The aes* files just provide an implementation of AES. You should not
need to look at these files to do the assignment.

cbcmac.* implements a rudimentary version of basic CBC-MAC. Messages are
padded out to a multiple of the block length by appending sufficiently
many 0-bytes. Real-world implementations of (secure versions of) CBC-MAC
properly handle arbitrary length messages, but we don't bother with this here.

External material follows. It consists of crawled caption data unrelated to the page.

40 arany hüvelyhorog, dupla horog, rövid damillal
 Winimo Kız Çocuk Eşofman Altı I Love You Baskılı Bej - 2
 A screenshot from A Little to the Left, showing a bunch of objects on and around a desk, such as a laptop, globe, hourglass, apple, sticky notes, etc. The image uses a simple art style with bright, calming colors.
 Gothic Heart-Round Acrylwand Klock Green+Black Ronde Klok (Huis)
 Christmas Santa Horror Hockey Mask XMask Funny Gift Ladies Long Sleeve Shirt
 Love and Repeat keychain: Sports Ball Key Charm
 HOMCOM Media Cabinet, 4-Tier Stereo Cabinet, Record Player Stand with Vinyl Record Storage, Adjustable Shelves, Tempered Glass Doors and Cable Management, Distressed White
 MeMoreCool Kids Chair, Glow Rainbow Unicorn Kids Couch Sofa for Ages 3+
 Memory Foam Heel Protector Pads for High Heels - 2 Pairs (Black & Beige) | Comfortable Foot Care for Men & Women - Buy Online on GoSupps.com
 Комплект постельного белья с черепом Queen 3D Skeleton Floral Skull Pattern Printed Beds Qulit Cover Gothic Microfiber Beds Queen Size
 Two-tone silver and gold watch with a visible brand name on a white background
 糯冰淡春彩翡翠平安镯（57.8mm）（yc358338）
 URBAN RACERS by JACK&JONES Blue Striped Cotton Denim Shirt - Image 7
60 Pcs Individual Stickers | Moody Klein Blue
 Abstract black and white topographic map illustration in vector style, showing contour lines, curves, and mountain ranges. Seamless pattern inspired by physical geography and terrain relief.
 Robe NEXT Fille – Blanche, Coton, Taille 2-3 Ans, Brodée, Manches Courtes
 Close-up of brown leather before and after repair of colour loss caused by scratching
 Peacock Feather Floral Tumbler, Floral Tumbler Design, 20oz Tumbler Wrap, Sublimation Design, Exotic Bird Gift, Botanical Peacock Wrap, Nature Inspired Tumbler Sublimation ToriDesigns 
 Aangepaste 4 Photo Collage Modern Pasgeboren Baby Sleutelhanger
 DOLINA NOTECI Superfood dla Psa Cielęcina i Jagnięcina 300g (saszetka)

mac.c contains wrapper code for an application running on a server that
receives a 2-block message, computes the (basic) CBC-MAC for that message,
and returns the result.

vrfy.c contains wrapper code for an application running on a server that
receives a message and a tag, verifies whether the tag is correct, and
returns 1 or 0 accordingly. Note that messages having an arbitrary number
of blocks are accepted here. NOTE: You do not need to interact with the
verification routine in order to successfully carry out an attack, but it
allows you to check your answer.

sample.* contains code (in C, Ruby, and Python) demonstrating how to
send a message to the server to obtain a tag (computed using mac.c and
an unknown key k), and how to send a message/tag pair to the server for
verification (relative to the same key k). You can use the file test-msg.txt
for testing this code.

As in the previous assignment, the code above relies on the oracle.* files
to handle networking. You do not need to understand how these files work
for this assignment, you just need to be able to use them.

msg.txt is the message you need to forge a tag on.